He could almost fool himself into thinking the building is breathing -- he could almost convince himself that he’s hearing the slow deep rattle of it, even as he himself takes deep even breaths, and tries to calm his heart. 

“What,” and he could bless Nyx, for speaking, for breaking the spell. “What in holy fuck is _that_?”

“Holy is about right -- or it was, until, what, fifty years ago? I don’t know what the word is for -- making a place that was sacred, not sacred any more,” and Prompto sounds thoughtful, even though he also seems to be bouncing on his heels, on his soles. Words falling out of time with his movements, words that sound steady somehow. “I don’t mean that this place is evil now. Or whatever the opposite of sacred is. What I mean is, this place is just an ordinary building now.”

“That is the total exact opposite of ordinary,” and that’s Crowe, sounding almost respectful. “I’ve never seen anything like it before.”

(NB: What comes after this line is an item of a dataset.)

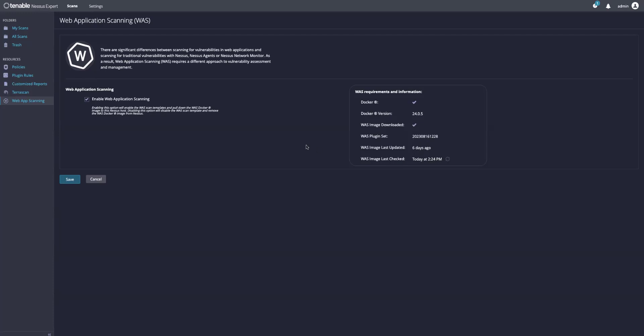Now that the web application scanning image has been successfully downloaded, you may now go and scan your new web applications with Nessus Expert 10.6. Happy scanning.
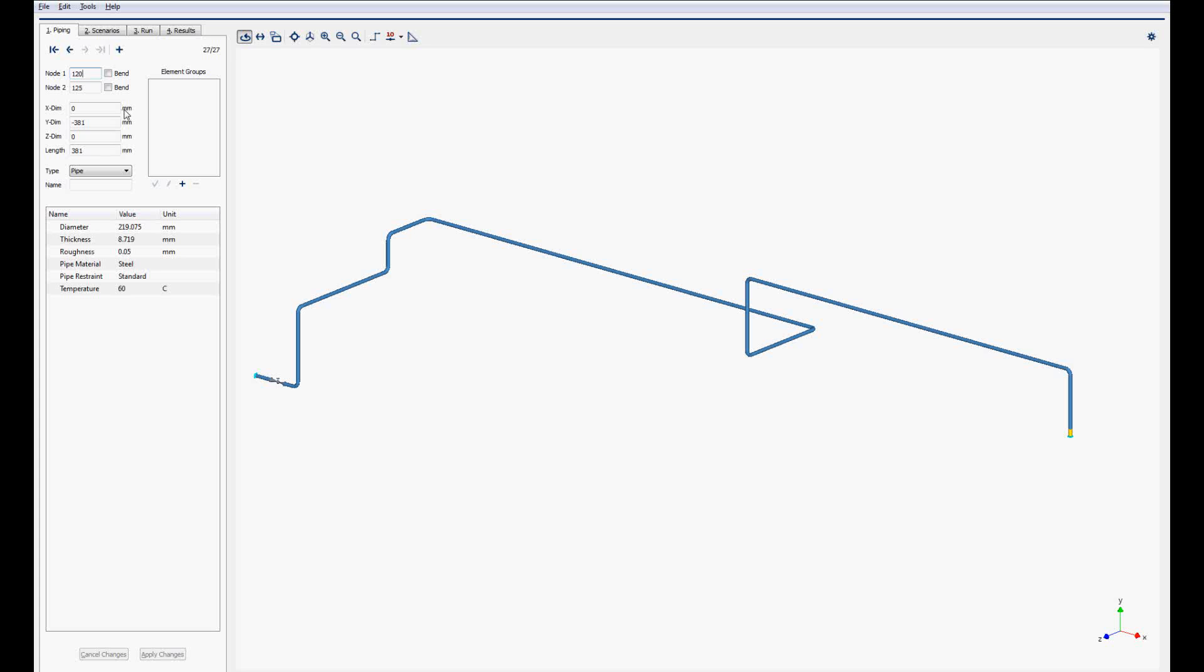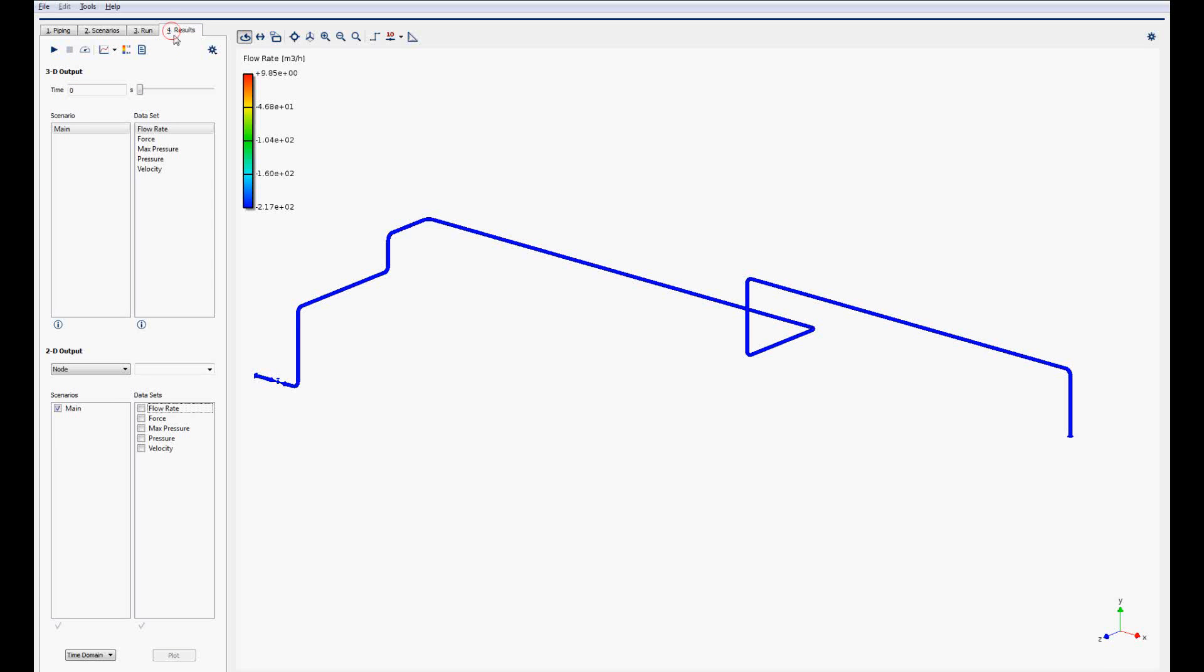This model is made in the metric unit system, with the exception that lengths are in millimeters. The results are shown in these units as well.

“Nothing like it in the whole world,” he hears Prompto say. “The story I heard is, the -- architect? Designer? I never can tell the difference. That person -- laid out all the plans for it and then went insane, and when they died they were buried somewhere in the foundations of the building. Or was it one of the hidden crypts? Lots of conflicting stories about that one. I don’t even know what the god or gods in there were supposed to be, or if the building was supposed to honor somebody. Not the architect, but clearly they thought they had to honor something or someone. Too bad they didn’t even live to see this thing finished.”

“I can’t imagine,” he mutters. “I mean, this thing looks unreal and we’re looking at it, so what did it look like when it wasn’t -- falling apart?”

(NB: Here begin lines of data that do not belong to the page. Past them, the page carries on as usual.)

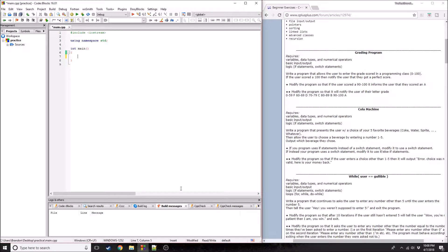Hey, what's going on everybody? Welcome back to the second exercise that we're going to do. Today we're going to do the cola machine. I don't really understand because it says write a program that presents the user with a choice of five favorite beverages - Coke, water, Sprite. These two aren't colas. It should really be called the beverage machine.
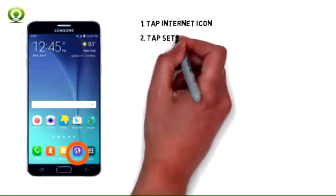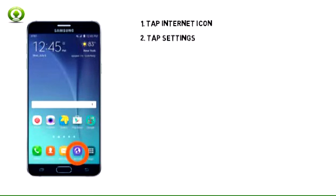2. Tap More at the top right hand corner of the browser. In the drop down menu, scroll to and tap Settings.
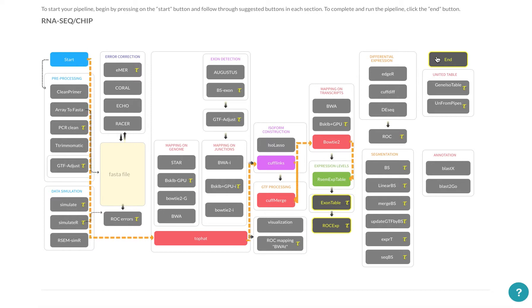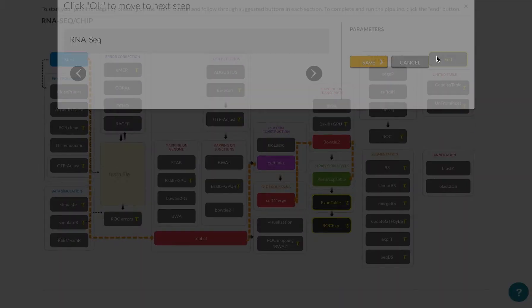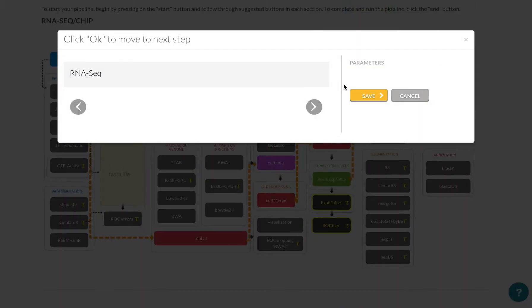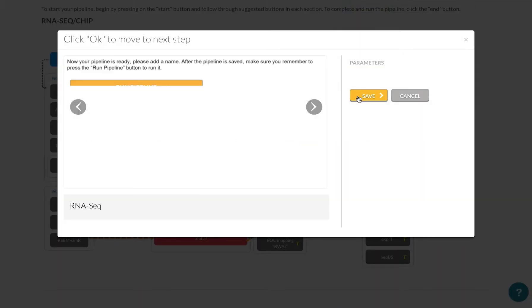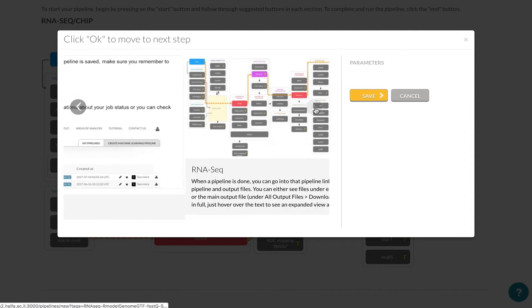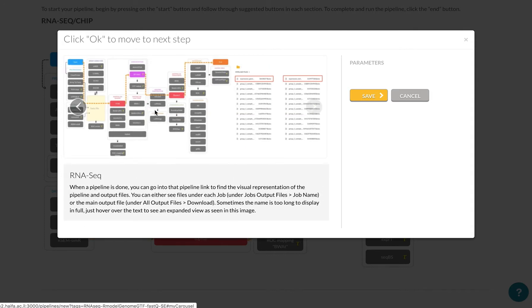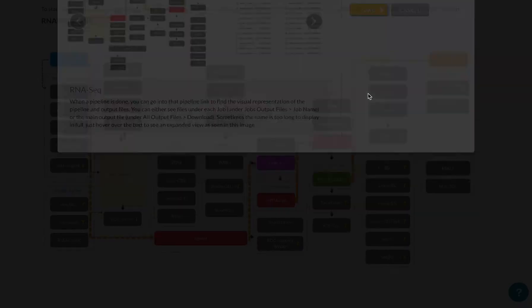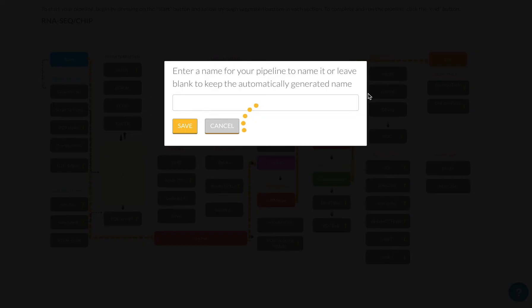And in the end, there's another area where you can read a little bit more. It reminds you to press on the run pipeline button after you're done. It also explains what kind of output files you're expected to get in the end. So I'm going to save this pipeline, I'm going to name it, save it.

Shrug, out of the corner of his eye. “There’re paintings, and old photographs. Which reminds me. Let me know when you guys can -- move, okay? Because there’s something else I want to show you.”

He has to shake himself a little, just so he can make sure his feet are still on the ground and his thoughts can follow the -- sweetly inexorable pull on his hand. Fingers tangled firmly with his, and an encouraging small smile.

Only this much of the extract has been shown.